# [Task inputs]
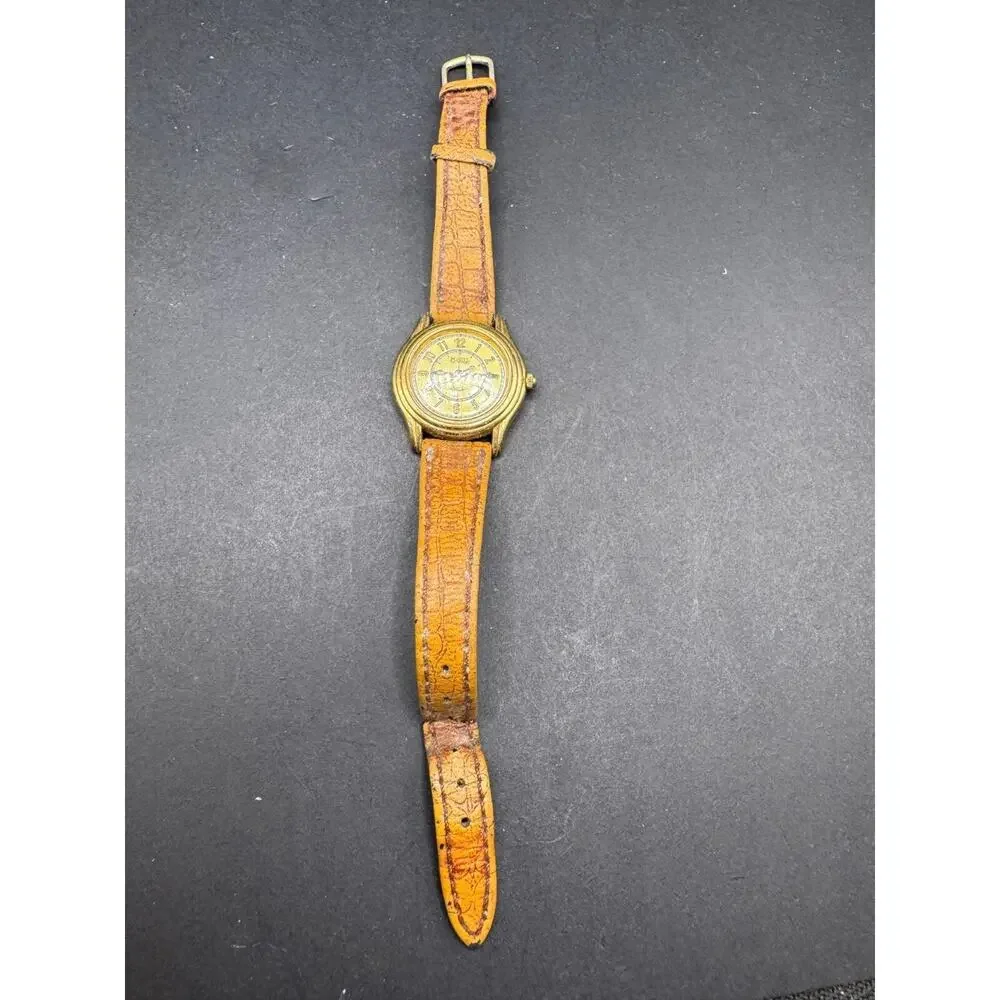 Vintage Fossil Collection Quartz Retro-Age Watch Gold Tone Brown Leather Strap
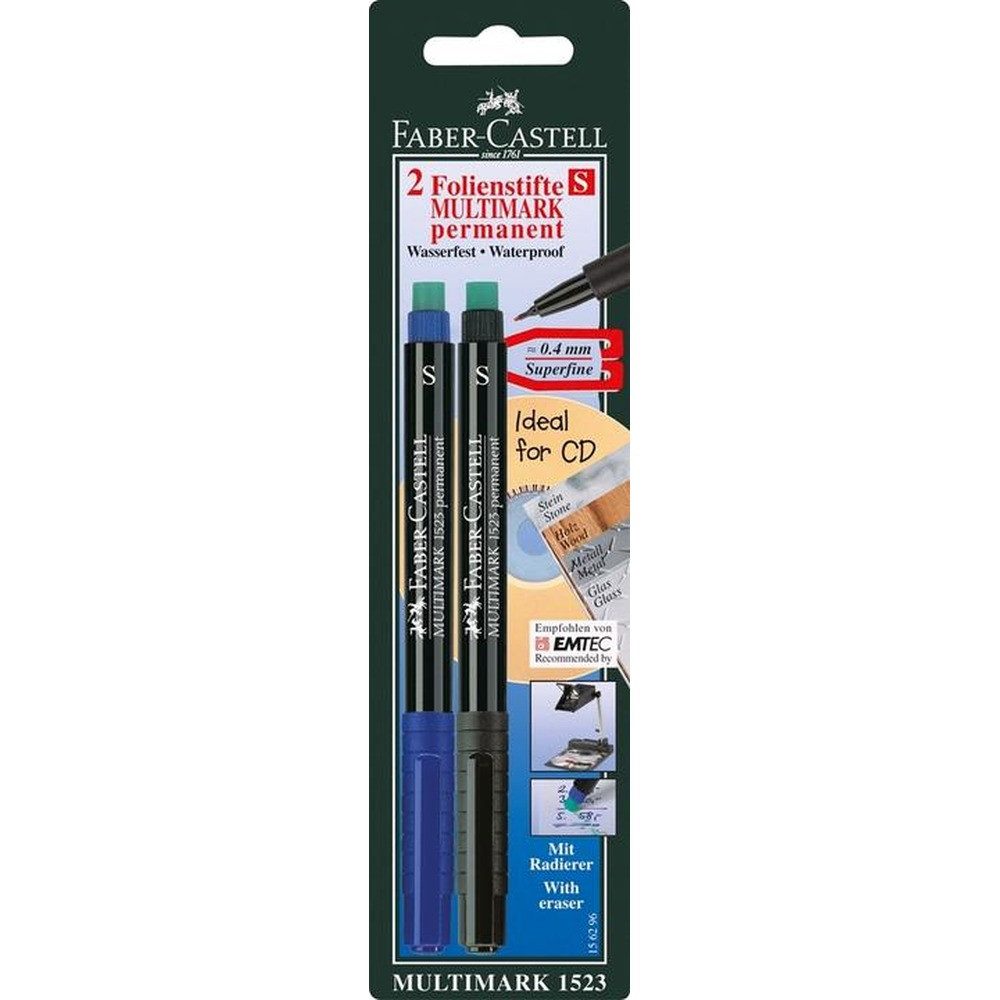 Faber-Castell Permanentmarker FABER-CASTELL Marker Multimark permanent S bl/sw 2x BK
---
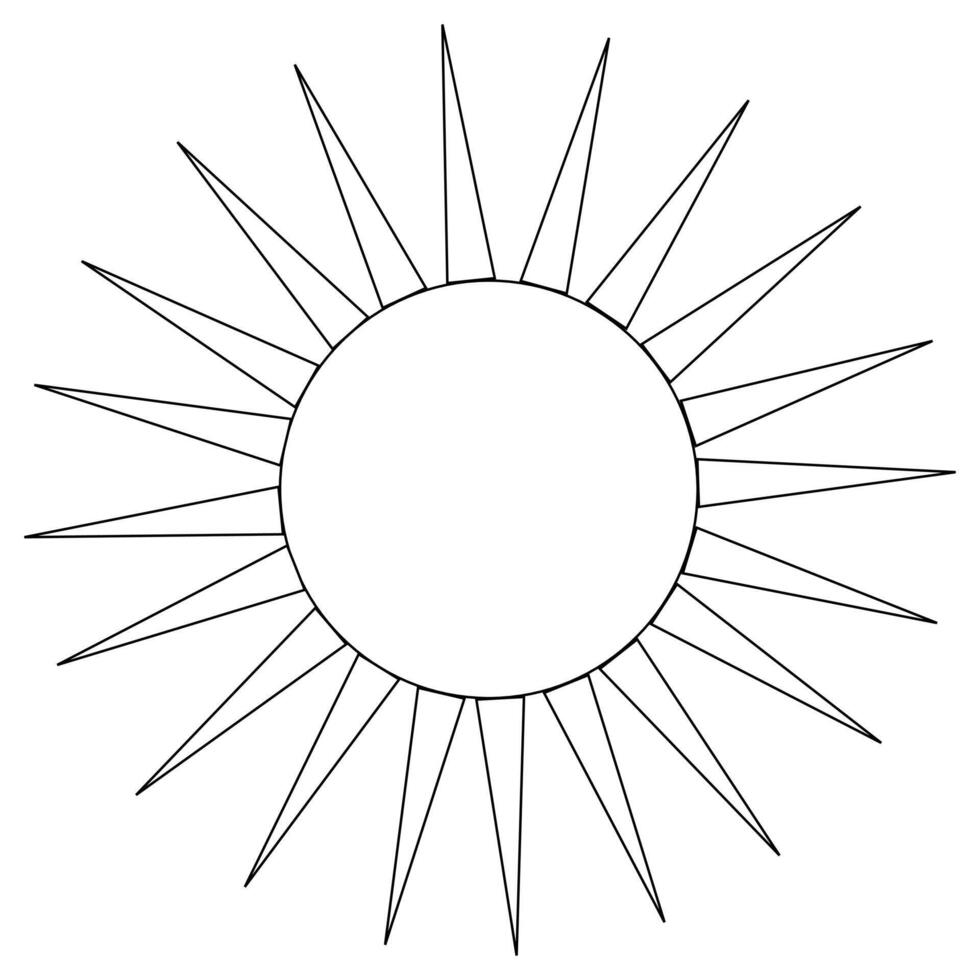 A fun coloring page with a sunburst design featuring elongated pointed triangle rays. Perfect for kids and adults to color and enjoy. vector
* * *
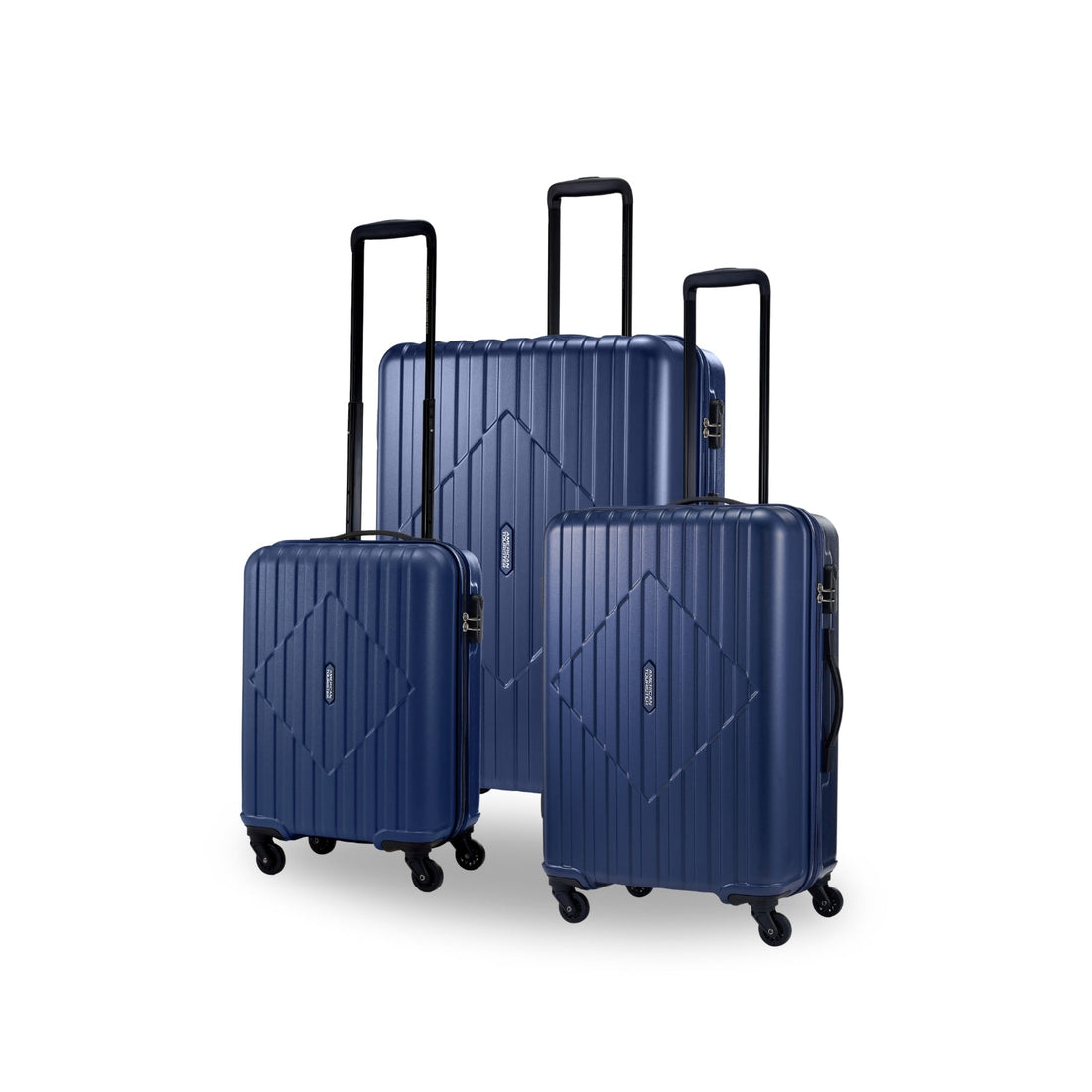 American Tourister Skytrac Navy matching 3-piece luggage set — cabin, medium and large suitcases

# [Problem statement]
An exact copy of the lines above from the one with "Vintage Fossil Collection" up to and including the one with "Faber-Castell Permanentmarker FABER-CASTELL" is required; reproduce only those lines, omitting all pictures.

# [The answer]
 Vintage Fossil Collection Quartz Retro-Age Watch Gold Tone Brown Leather Strap
 Faber-Castell Permanentmarker FABER-CASTELL Marker Multimark permanent S bl/sw 2x BK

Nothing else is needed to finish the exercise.